Aim of the task » Which lines of the records below contain the word "images"? Copy each of them out.

Crawled caption data:
- Opening Delimiter -
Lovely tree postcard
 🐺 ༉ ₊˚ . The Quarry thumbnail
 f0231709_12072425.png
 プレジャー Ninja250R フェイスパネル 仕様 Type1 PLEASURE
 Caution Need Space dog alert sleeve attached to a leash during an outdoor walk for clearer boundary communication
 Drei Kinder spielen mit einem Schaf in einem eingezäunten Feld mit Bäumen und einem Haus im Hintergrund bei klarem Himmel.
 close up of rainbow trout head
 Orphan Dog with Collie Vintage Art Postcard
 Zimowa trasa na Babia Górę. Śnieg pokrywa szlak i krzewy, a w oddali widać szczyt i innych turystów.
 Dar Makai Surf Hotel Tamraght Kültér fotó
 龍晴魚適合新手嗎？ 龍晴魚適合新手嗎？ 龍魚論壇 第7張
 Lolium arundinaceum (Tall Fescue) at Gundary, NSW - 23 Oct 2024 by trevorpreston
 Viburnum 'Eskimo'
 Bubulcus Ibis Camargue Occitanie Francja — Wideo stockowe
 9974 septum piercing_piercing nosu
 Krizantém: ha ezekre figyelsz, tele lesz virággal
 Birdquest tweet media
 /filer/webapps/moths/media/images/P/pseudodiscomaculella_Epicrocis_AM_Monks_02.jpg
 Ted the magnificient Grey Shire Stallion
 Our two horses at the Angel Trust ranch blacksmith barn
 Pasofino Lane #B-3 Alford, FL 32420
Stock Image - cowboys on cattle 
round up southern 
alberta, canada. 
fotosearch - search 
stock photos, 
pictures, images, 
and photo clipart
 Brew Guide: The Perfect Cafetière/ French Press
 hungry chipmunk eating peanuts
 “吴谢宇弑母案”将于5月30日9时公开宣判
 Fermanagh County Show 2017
- Closing Delimiter -
Answer space »
 /filer/webapps/moths/media/images/P/pseudodiscomaculella_Epicrocis_AM_Monks_02.jpg
pictures, images, 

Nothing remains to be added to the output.